If the spirits of our noblest bards yet retain any solicitude for their earthly fame, either as poets or as men, they perhaps would like to have met the fate of Mr R. I remain, dear Madam, Ryours, &c.

LETTER XI.

MRS COTTON.

Lichfield, March 17, 1788.

THE Consciousness that your health is so much amended, comes across my mind in a glow of satisfaction. Those strong maternal desires that, unfulfilled from year to year, pined in the pain of longing, sapt the foundations of your health; which, I flatter myself, the sight and affectionate

attentions of your daughter will build up again. Your name in the dramatis personæ of Richmond House delighted as a good omen on that subject.

Alas! poor Mrs Style! I hoped to have felt my heart expand again and again in the warm benevolence which shone out in her countenance, and in her manners. I should yet more regret that you have lost her, had you not told me that clouds of causeless dejection were apt to involve, and, during long intervals, darken its light. The idea of a friend's sufferings, so painful to us while they are endured, becomes lenient and consolatory when it hovers over their sepulchre; yet must you long. feel a dreary vacuity in Lady Fane's circle. Local circumstances are great nourishers of regret,

"When to the old elm's wonted shade return'd,
Then, then I miss'd my vanish'd friend—and mourn'd.”

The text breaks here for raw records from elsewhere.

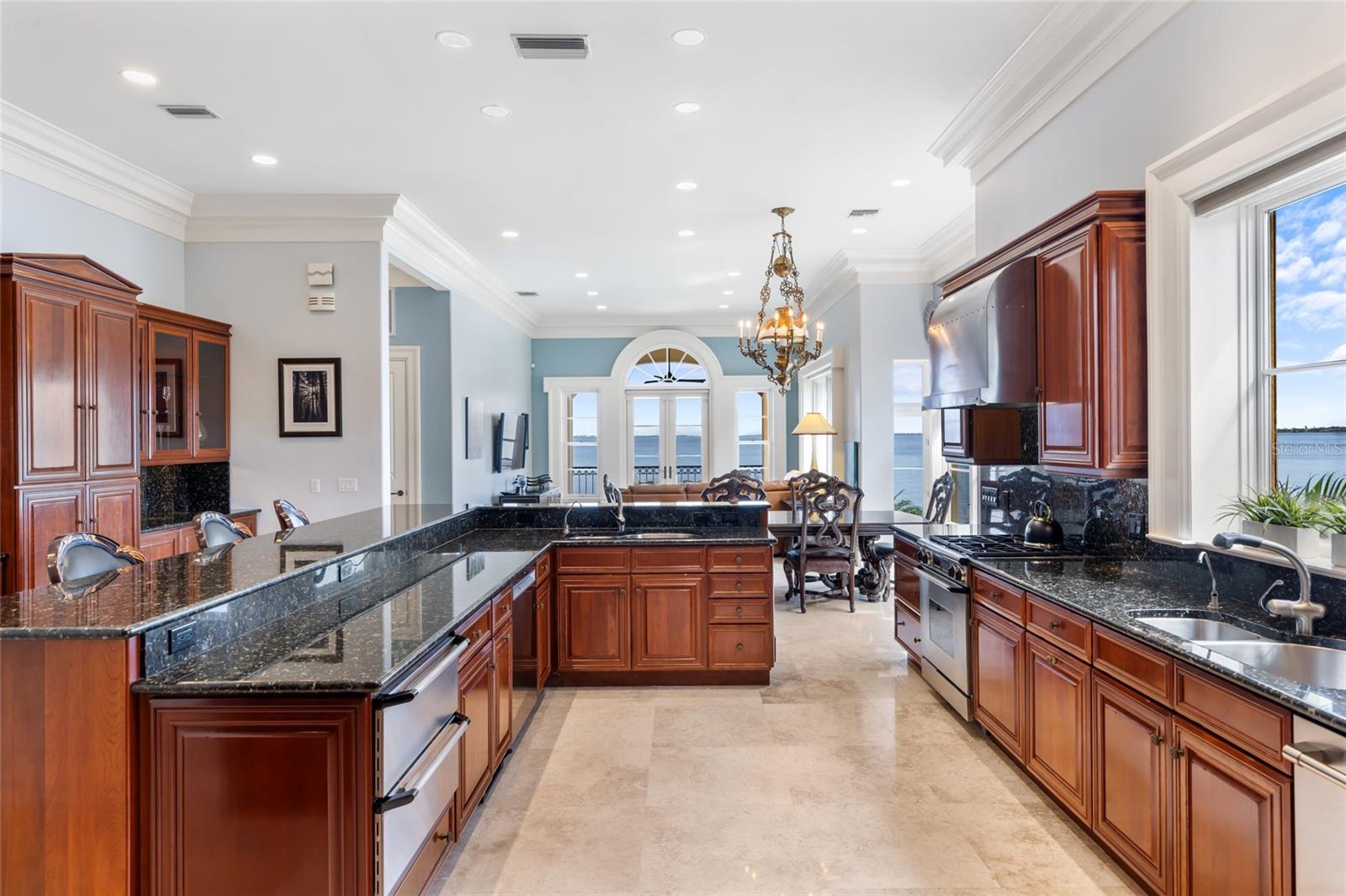 A4657659 Property Photo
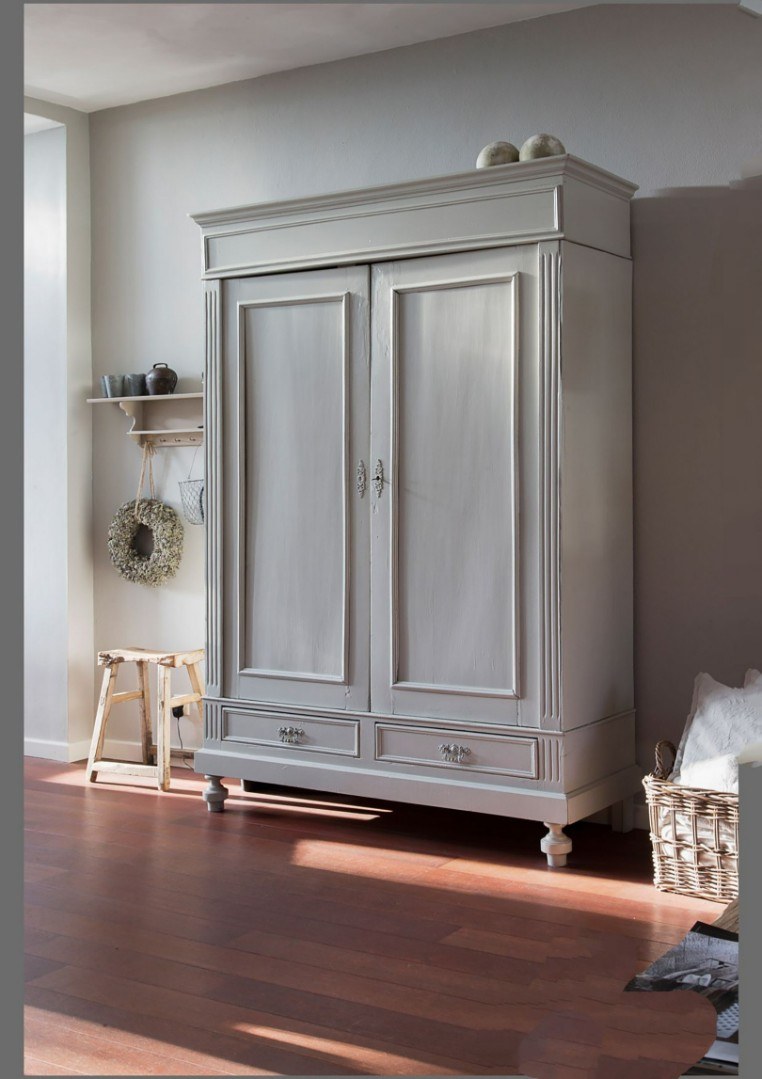 Белый шкаф старый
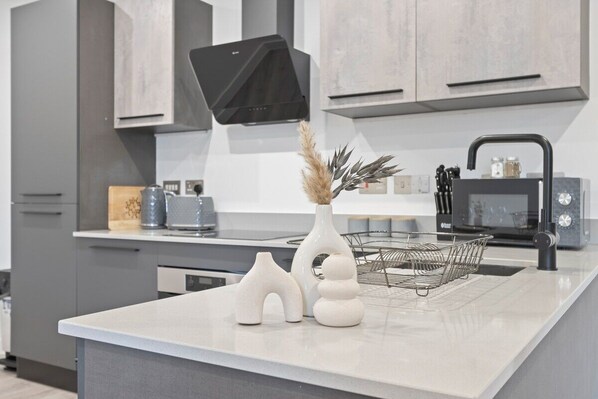 Fridge, microwave, oven, stovetop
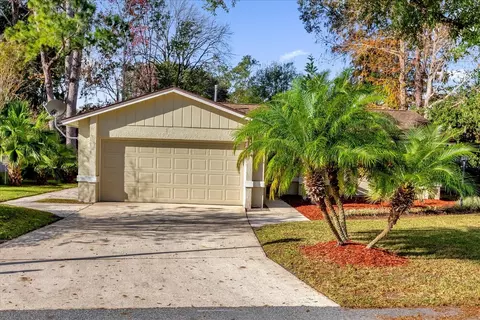 870 Falkirk Dr, Winter Springs, FL 32708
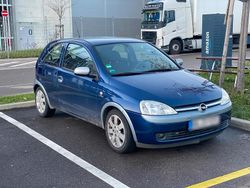 Blau Gebraucht 2003 Opel Corsa Kleinwagen | 1.000 € (Fairer Preis)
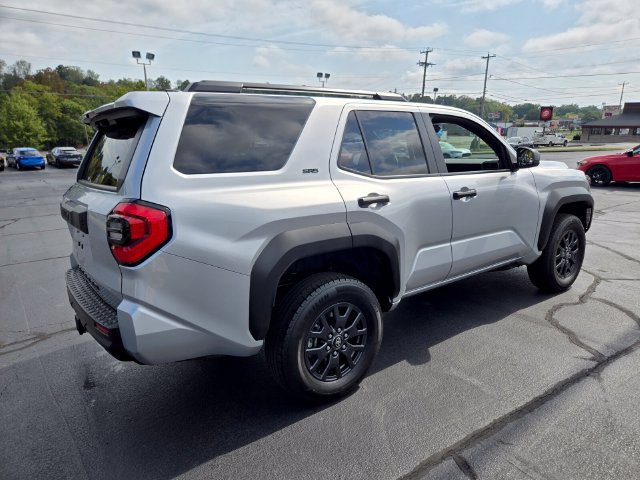 Used 2025 Toyota 4Runner SR5 AWD/4WD image 8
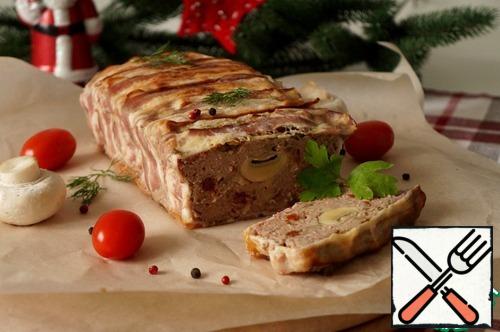 Send it to the preheated oven. Keep the terrine at 175 degrees for about 60 minutes (if you poured hot water on a baking sheet) and 85 minutes if the water was cold. Then remove the foil, add the temperature to 200 degrees and bake for another 10 minutes.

It is peculiarly proper that I should condole with you on the loss of your friend this day—for it is the 17th of March; the birth-day of my lovely long-deceased sister, who died in her nineteenth year-" a fair flower soon cut down on our fields. The spring returned with its showers, but no leaf of her's arose :"-yet does not my heart forget this day, which gave to life an amiable creature, who shed the light of joy over many of my youth

ful years. Many are fled since she vanished from earth. Time balms sorrow, and there is a joy in grief when the soul is at peace. But I am conscious there are deprivations, the wound of which no time can balm. Then it is that anguish wastes the mournful, and their days are few. Heaven preserve my heart, and the hearts of all I love, from the corrosive impression of such a woe!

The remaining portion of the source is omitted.